Data for the task:
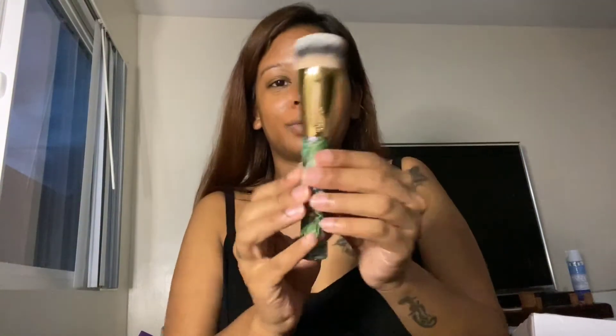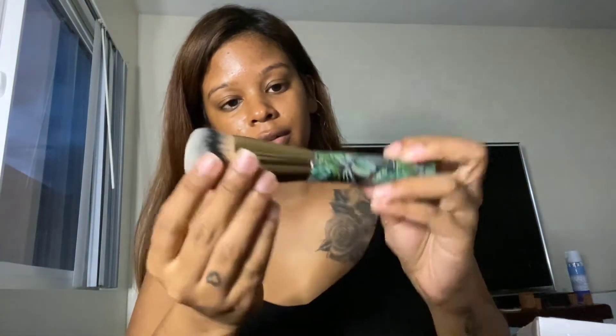I'm going to start with the foundation — I don't have any primer on, I just washed my face and moisturized. Look how cute the brush is! It's really soft and really dense, so that's perfect. I'm going to put a few pumps on the back of my hand. This is seriously nerve-wracking — I'm really hoping this is my shade.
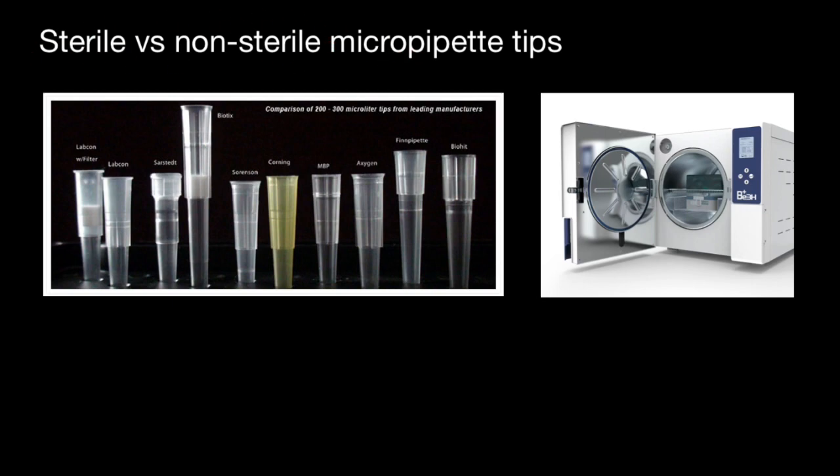It is common sense that sterile pipette tips should be used for applications where sterility is important. But again, can you buy non-sterile tips and autoclave them yourself to save money? In theory, the answer is yes.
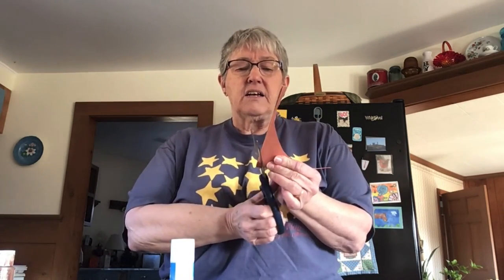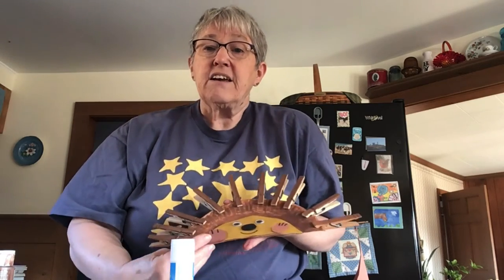Make a little smile on your hedgehog so that everyone will know how happy he is. Take your brown construction paper and cut some egg shapes for your hedgehog's feet — two egg-shaped pieces of brown construction paper. Then you can take your marker and make some claws on your feet. Take your glue stick and glue your feet right onto your hedgehog so you can see his feet.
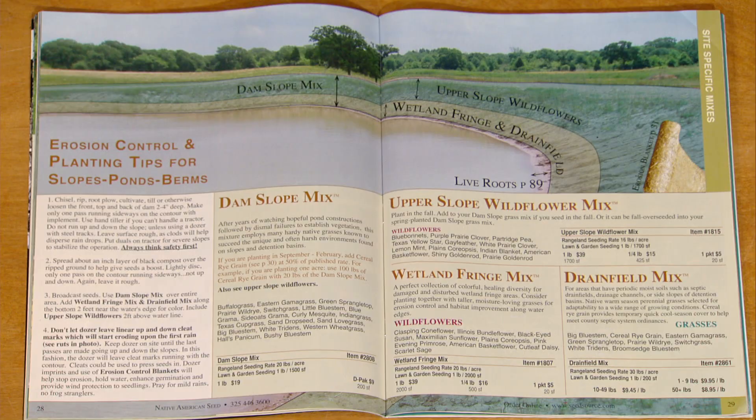Hi, I'm Leslie Eppinghouse. I'm one of the horticulturists at the Lady Bird Johnson Wildflower Center, and today I want to talk to you about the best way to plant a new septic field.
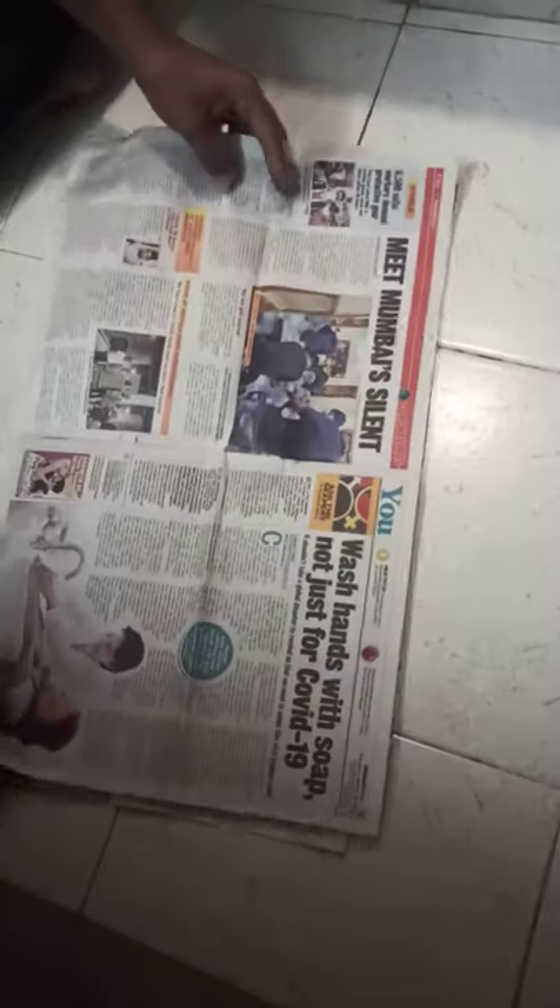I'll show you how to do it in a tabloid format. The required size is this. If you're doing it with a tabloid format, you open it and use it like this. If it's a normal newspaper, you use it like this. Right now I'm showing you with the tabloid format.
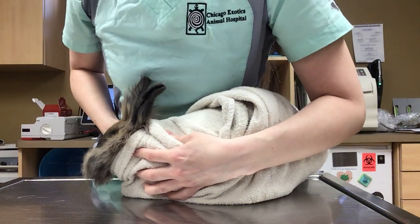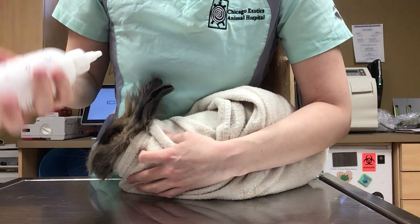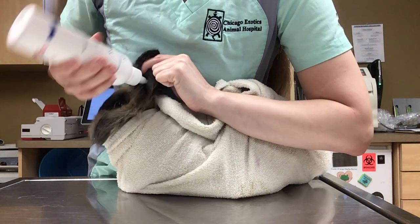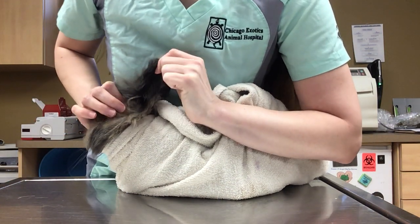What I like to do is kind of hold them against my chest or torso here. You take your ear cleaner and you put this down into the canal and you can actually just flood the canal. If you go down in here and do a couple squirts it'll fill up and they'll usually start shaking their heads.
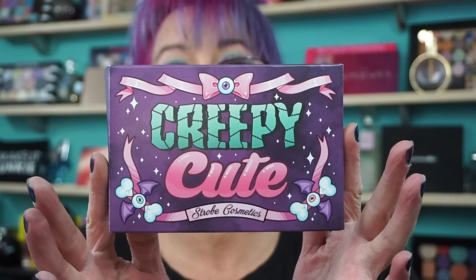Hi everyone, welcome back. I got a great palette for you today. I did pre-order it when it was available for pre-order. This is from Strobe Cosmetics — this is the Creepy Cute eyeshadow palette.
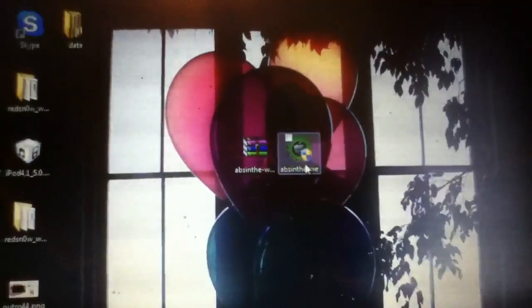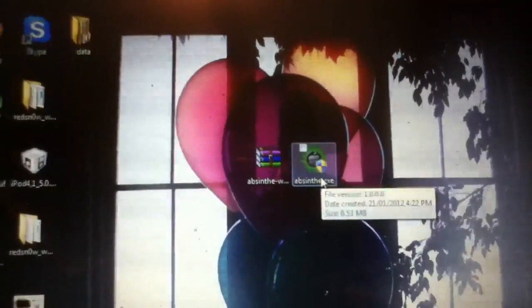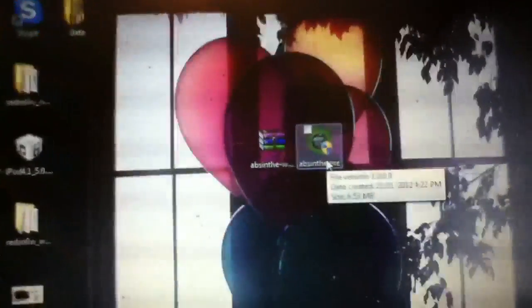Unfortunately I don't have an iPhone 4S or an iPad 2 to show you guys how to do this jailbreak, but it's very easy. Basically you download Absinthe — I'll put links in the video description down below — and I will also post links to other people's YouTube tutorials that you guys can trust 100%. So if you guys are looking for a full tutorial, I will definitely have links in the video description down below.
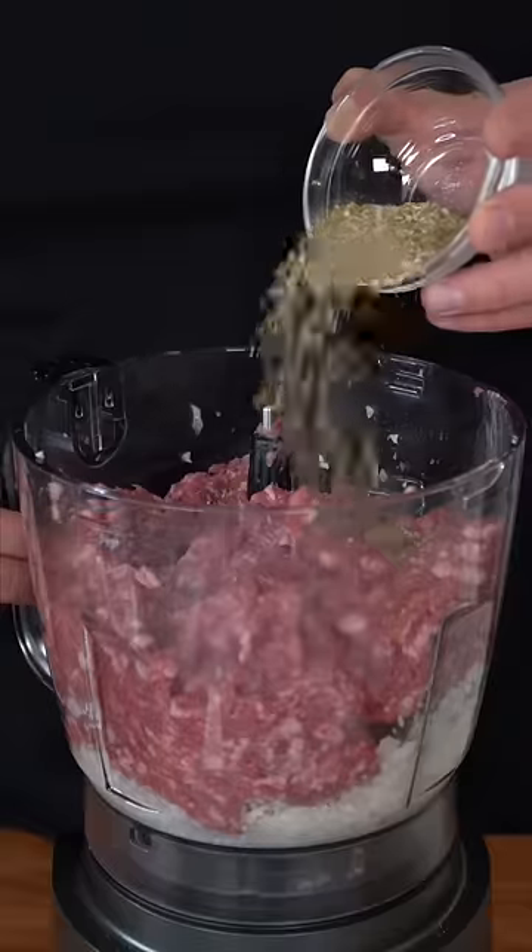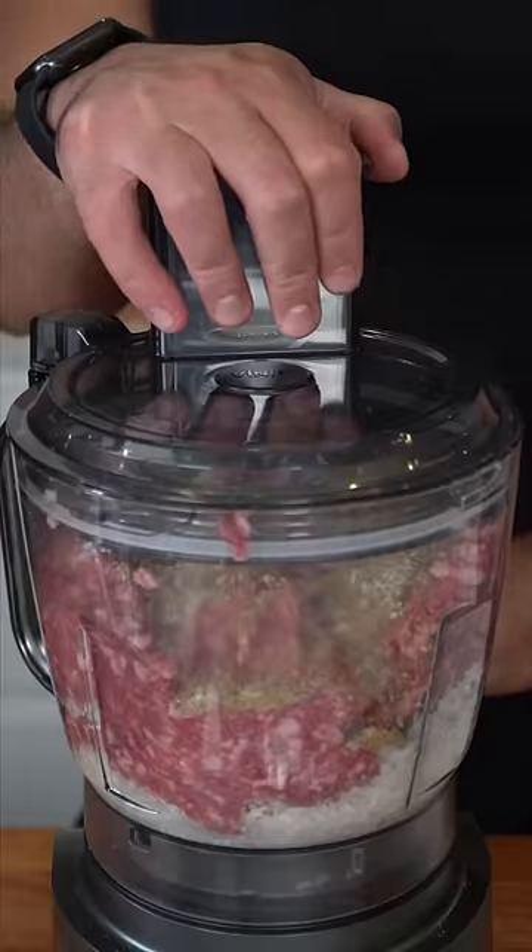In a food processor, add an onion and a shallot, two handfuls of heartburn. To this, we add 80-20 ground beef or lamb, our six herbs and spices, and we give this one more pulse.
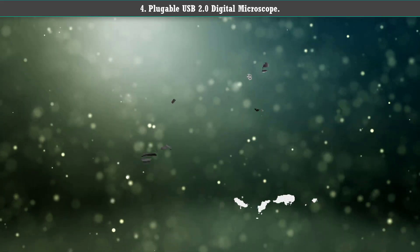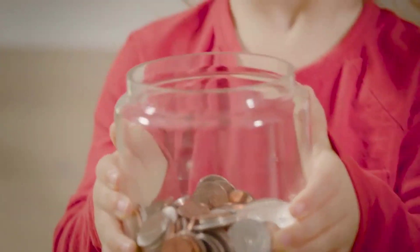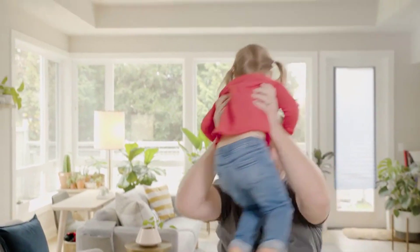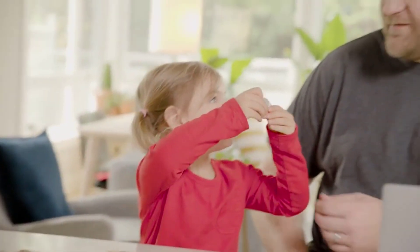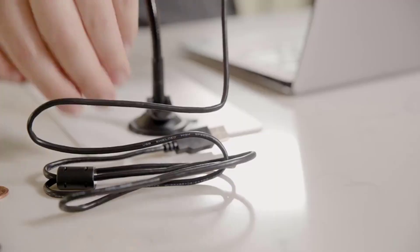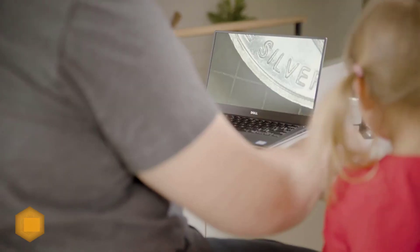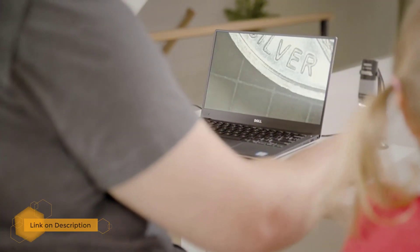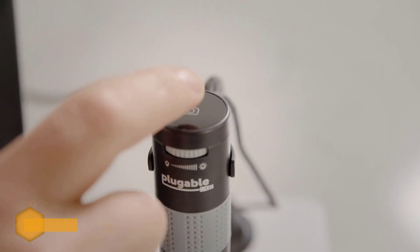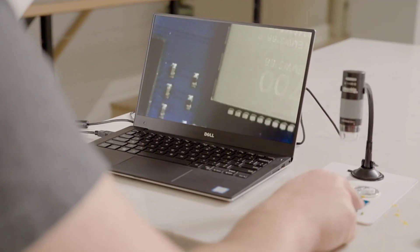Number 4: Plugable USB 2.0 Digital Microscope. This is a plug and play microscope that you connect to your computer via a USB 2.0 port, so you can conveniently observe the specimen through your computer as well as take snapshots. It has a relatively low maximum magnification that tops at only 250x, but that's still plenty enough to let you view various specimens such as rocks, coins, insects, parasites, and so on.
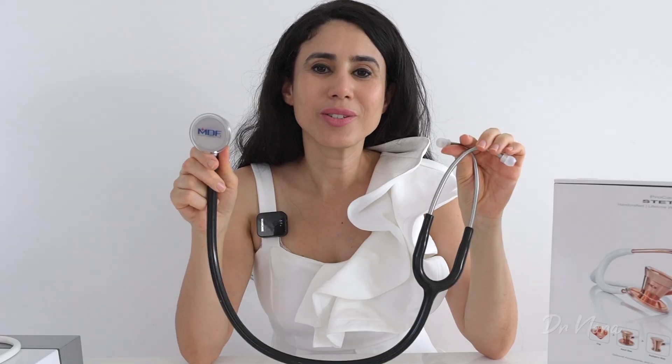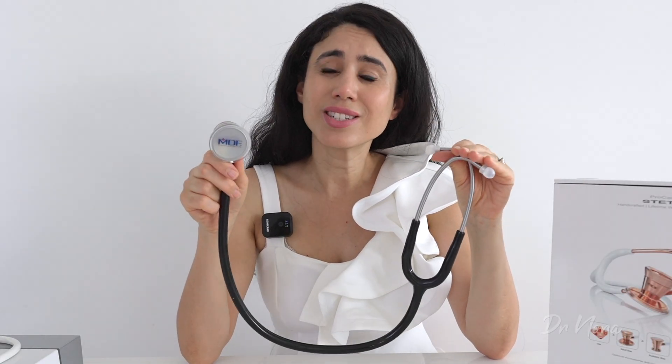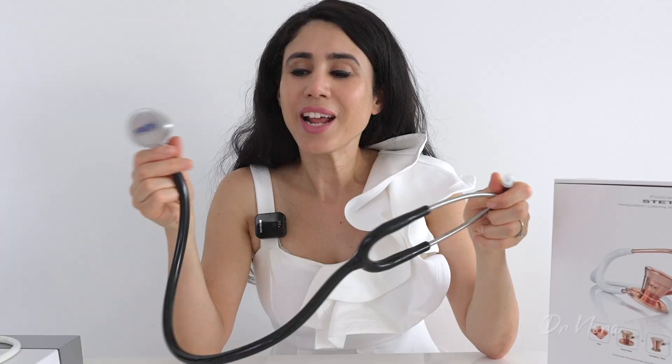So there you have it — that is the Procardial Stethoscope by MDF, and I've got to say I am pleasantly surprised by it. I'll be interested to find out how it compares with the Littmann Cardiology Stethoscope and the Littmann Classic 3, so stay tuned for those videos. I hope you found this useful — if you have any questions or comments, join me in the comment section below. Take care and stay healthy.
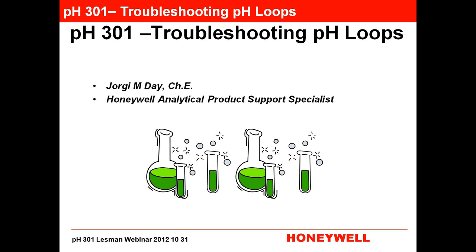President of Lessman Instrument Company, I'd like to thank you all for taking time out of your busy schedule to join us for today's webinar. It's PH301, Troubleshooting. This is the third in a series of sessions on PH. The other two are posted to our website, so if you'd like to go back and review those, you can. This third one will be posted shortly, sometime later today, so you can review it as well.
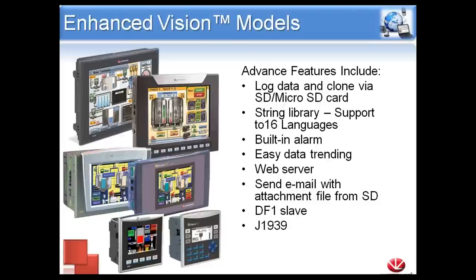We have built-in alarm capabilities. The OS will handle displaying the alarms — all the user needs to do during programming is define what triggers the alarm, the severity, and when to show it, and the controller takes care of the HMI part. We also have easy data trending. All we need to do in the programming stage is tell the controller which values we want to trend and how to set up the graph, and it will automatically plot it on an XY plane on the HMI.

Work instructions: Leave out the pictures and repeat exactly the lines from the first line of the data through the line containing "It is common". Add nothing else.

Result below:
I'm going to start with the foundation — I don't have any primer on, I just washed my face and moisturized. Look how cute the brush is! It's really soft and really dense, so that's perfect. I'm going to put a few pumps on the back of my hand. This is seriously nerve-wracking — I'm really hoping this is my shade.
It is common sense that sterile pipette tips should be used for applications where sterility is important. But again, can you buy non-sterile tips and autoclave them yourself to save money? In theory, the answer is yes.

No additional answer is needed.